Sprinklers were highly visible, and the time, frequency and spread of water from sprinklers was seen as either effective or wasteful, depending on how they were used. Waste Watchers were concerned to avoid overwatering, and saw water runoff or water-logging as undesirable. They were particularly scathing of neighbours who used their sprinklers all the time, regardless of the weather.
Hand-held hoses were used by many to water the garden. Benefits were that the hose watered specific areas, and that in many instances participants had to be actively engaged in watering the garden when using the hose. Watering cans were also seen as a particularly effective way to deliver water exactly where needed.
Some Waste Watchers only watered the garden if there had not been rain for several days. Some of those with watering routines watched the weather forecast and watered in the early morning or evening, if they thought it was not going to rain. Others were opportunistic in the timing of watering their gardens, and gave them a good soak when they remembered. For many who were time poor, gardens were watered when time was available, and this was not always at the optimal time for the garden.

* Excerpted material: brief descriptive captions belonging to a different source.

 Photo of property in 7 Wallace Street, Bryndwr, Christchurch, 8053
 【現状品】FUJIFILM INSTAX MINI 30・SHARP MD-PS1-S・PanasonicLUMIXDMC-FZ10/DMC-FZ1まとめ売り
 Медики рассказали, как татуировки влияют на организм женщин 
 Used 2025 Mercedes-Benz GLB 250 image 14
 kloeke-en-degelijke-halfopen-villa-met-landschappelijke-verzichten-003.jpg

There was evidence that some gardeners had adapted their gardens to make them easier to manage – for instance using mulch, improving the soil over a number of years, or adapting the planting style.
While commentary in news media reminded Waste Watchers not to water too often, in their minds this related more to water shortages during droughts, than water conservation in general. On the other hand there were also a few participants who were aware of the need to conserve water, but overall Waste Watchers felt concerned not to ‘waste’ water (rather than conserve it). Waste was defined as watering the garden when the garden is clearly damp or there are even pools of water, or overwatering – where there was water running onto the footpaths from the garden. It was considered wasteful to use high-powered sprinklers rather than a concentrated soak of the garden, as was watering when the sun was high.
Indicators that a garden needed watering included both rational observable aspects and less tangible, more emotive aspects.
The rational indicators that the garden needed watering included:
Assessing the soil condition to determine if the garden needed watering. Some checked below the surface.
Plants were droopy, losing leaves, looked lethargic, or if there were lots of insects on plants.
Dry weather for an extended period.
New plantings that needed more intensive tending.
The emotive drivers for watering the garden included:
For some it was a relaxing ‘time out’ activity.
Others used garden watering as a chance to spend time with children, and gardening was an important skill some parents wanted to share with their children.
Some felt guilty if they did not maintain the garden to the parent’s instruction. They felt particularly guilty if plants seemed ‘stressed’ – especially if their parents were visiting.
In some suburbs there was social pressure from neighbours and from others to maintain a healthy looking garden. They were likely to water their garden to ensure it looked similar to others in the street.
For some, their garden was linked to their self esteem (how they felt about themselves) and their self identity (how others viewed them).
There was also a sense amongst group participants that gardening is an iconic New Zealand activity, especially the pride of growing fruit and vegetables, and allowing children to play in the garden with the hose.
The full report on the qualitative research on watering the garden is included in appendix 3: Watering the garden.